Data section:
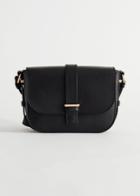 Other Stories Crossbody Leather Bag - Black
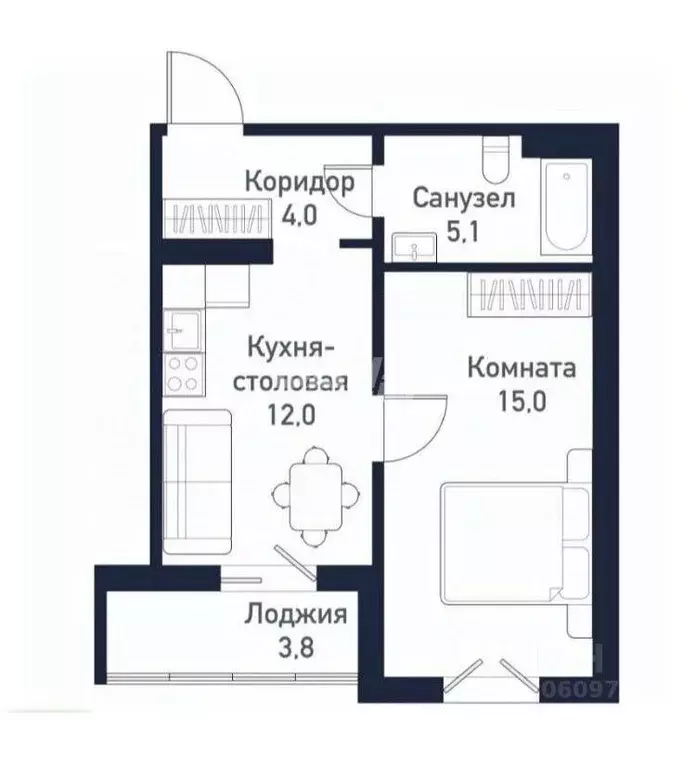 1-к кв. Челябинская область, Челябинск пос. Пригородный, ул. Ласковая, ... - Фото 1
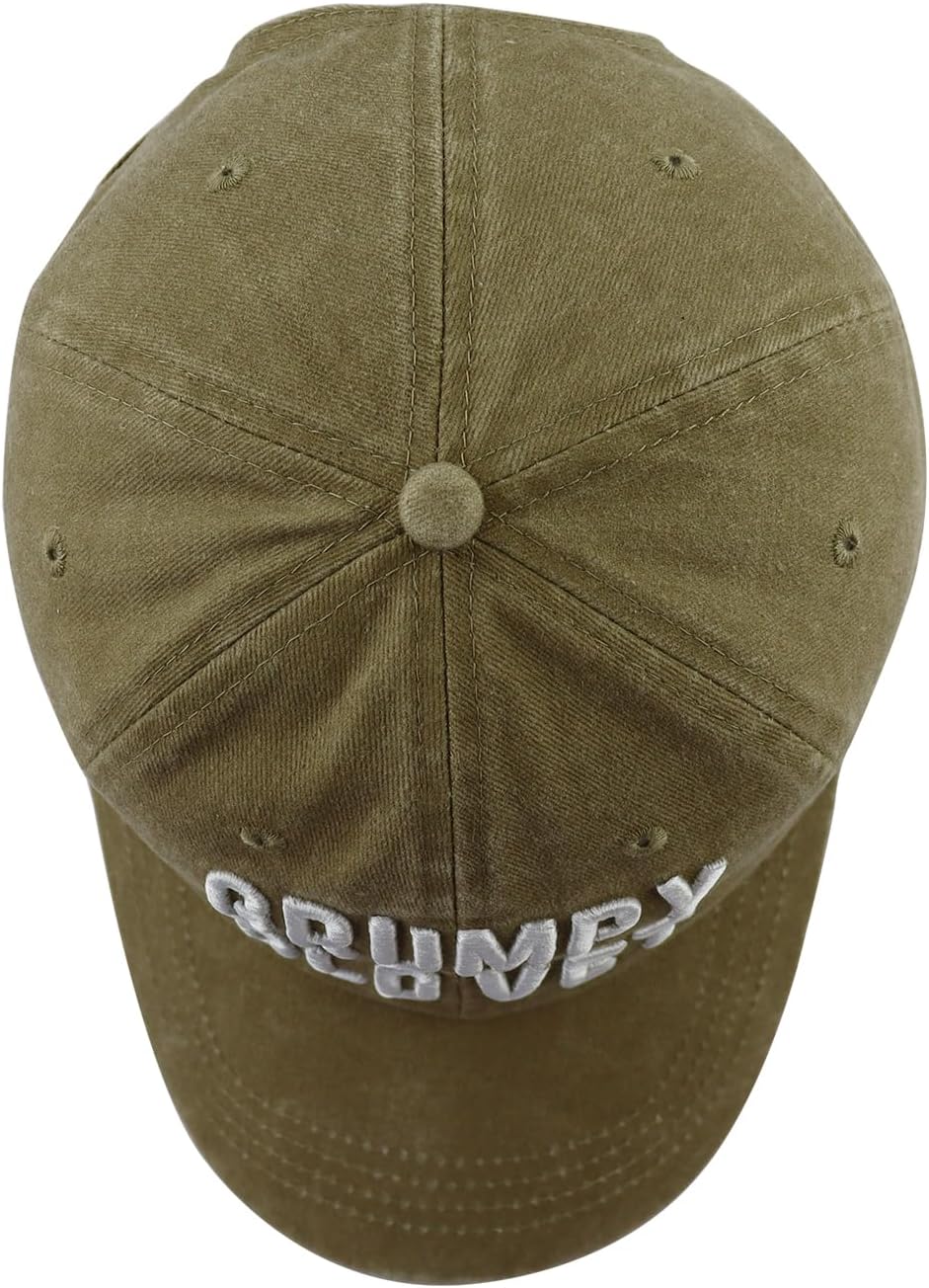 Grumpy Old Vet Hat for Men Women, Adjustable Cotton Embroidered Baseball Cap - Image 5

The task: Transcribe the listing above in full and exactly; no pictures belong in the copy.

Answer:
 Other Stories Crossbody Leather Bag - Black
 1-к кв. Челябинская область, Челябинск пос. Пригородный, ул. Ласковая, ... - Фото 1
 Grumpy Old Vet Hat for Men Women, Adjustable Cotton Embroidered Baseball Cap - Image 5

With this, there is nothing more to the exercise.